Lin’s research focuses on audio and visual signal processing, robotic perception and machine learning. I developed microphone array techniques for sound enhancement, source localizaiton and blind source separtation. I developed audio-visual signal processing techniques for acoustic sensing from flying robots (mini-drones). I applied machine learning techniques to human activity and context recogntiion from wearable sensors (motion, GPS, sound and image).

 



Geraint Wiggins

Geraint is Professor of Computational Creativity at the VUB and at Queen Mary University of London, UK. He was one of the founders of the research field of computational creativity, which provides an alternative approach to the simulation intelligent and creative human activities on computers. He has worked in creative AI and cognitive science for around 30 years, serving as chair of the SSAISB from 2000 to 2004, and then chair of the Association for Computational Creativity (ACC) from 2007 to 2014; he is now chair of the General Assembly of the ACC. He is editor-in-chief of the new Journal for Computational Creativity, and an editorial board member (or equivalent) of Musicae Scientiae, Music Perception and the Journal of New Music Research. He moved to the VUB in January 2018.

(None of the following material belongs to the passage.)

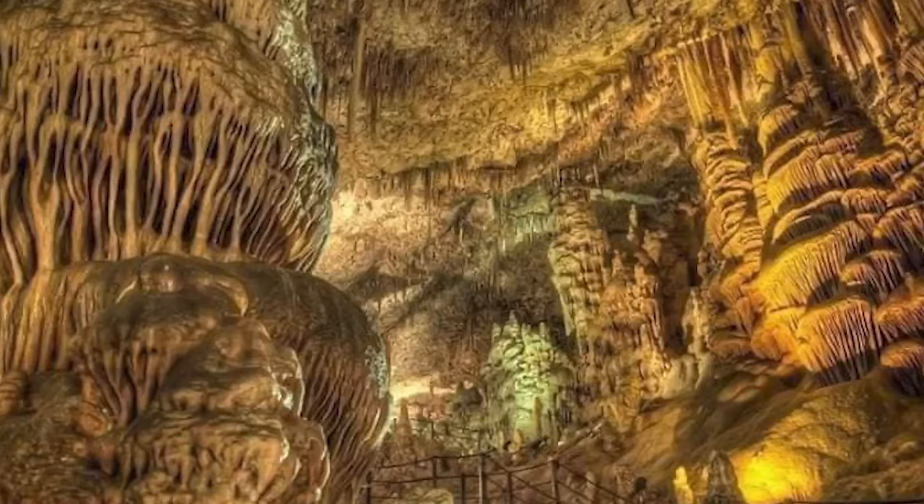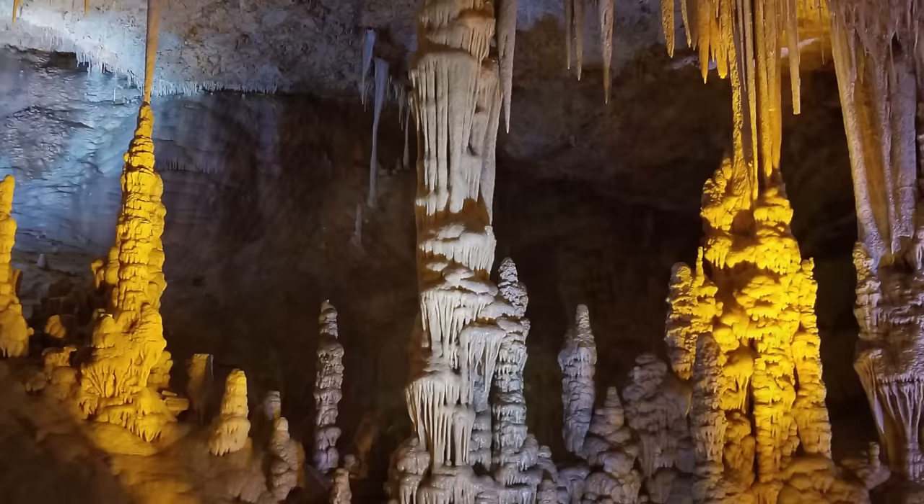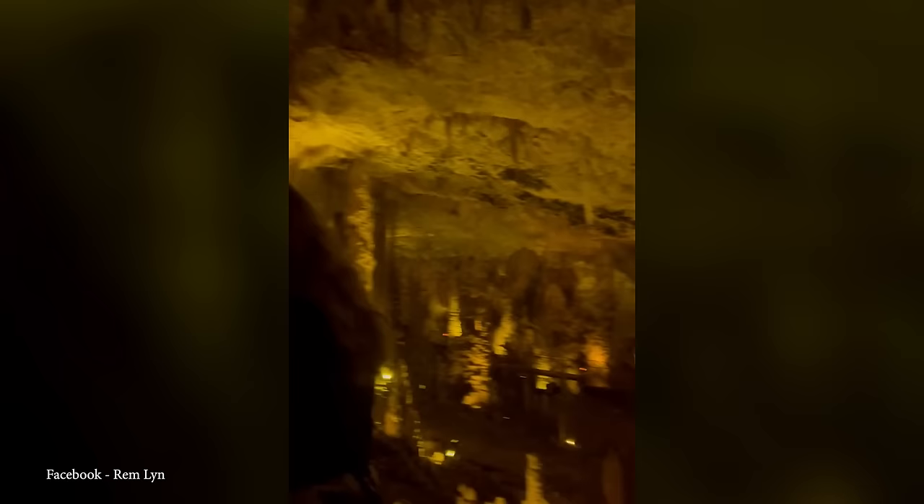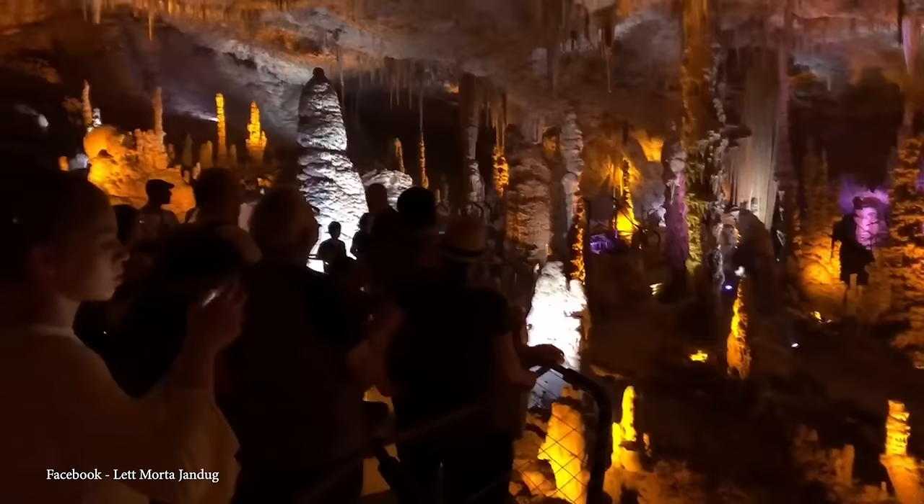While some park officials initially expressed concerns about detracting from the cave's natural beauty, the shifting colors ranging from bright orange to deep purple breathed new life into the ancient cavern. Boris Kripak, a Russian-born archaeologist working at the cave, acknowledged this transformative effect, likening it to the cave breathing and dispelling worries about it turning into a discotheque. The Avshalom cave, with its mesmerizing formations and captivating lighting, stands as one of Israel's remarkable natural wonders.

You can find Geraint’s Google Scholar listing here.

 



Anna Xambó Sedó

Anna’s research contributes to the fields of HCI and sound & music computing (SMC) and has three foci: Technology, Design and Experience.

Anna is currently a Senior Lecturer in Sound and Music Computing at the Centre for Digital Music (C4DM), and the principal investigator (PI) for the AHRC Early Career Research project “Sensing the Forest”.

For four years (2020-2023), Anna have been a Senior Lecturer in Music and Audio Technology at the Leicester Media School (LMS), Faculty of Computing, Engineering and Media (CEM) at De Montfort University (DMU) and member of the Music, Technology and Innovation – Institute of Sonic Creativity (MTI^2). She has also worked as the PI for the EPSRC HDI Network Plus funded project “MIRLCAuto: A Virtual Agent for Music Information Retrieval in Live Coding” (04/2020-10/2021). Since 2019, Anna is an Associate Fellow at the Higher Education Academy. I have been the programme leader of the BSc Digital Music Technology programme (2020-2022). During the period 2019-2022, I have been the officer of Women in New Interfaces for Musical Expression (WiNIME).

 



Shanxin Yuan

Shanxin is a Lecturer in Digital Environment at School of Electronic Engineering and Computer ScienceQueen Mary University of London. Previously, he was a Senior Research Scientist in Computer Vision at Huawei Noah’s Ark Lab, London Research Center, UK. The techniques he has developed/involved have been shipped to several products. Shanxin received the PhD degree from Imperial College London, where he worked on hand pose estimation. His research interests are machine learning and computer vision, particularly 3D digital humans and computational photography. He is an Associate Editor for The Visual Computer journal. Shanxin regularly review for major computer vision conferences (CVPR, ICCV, ECCV, and NeurIPS) and related journals (TPAMI, IJCV and TIP).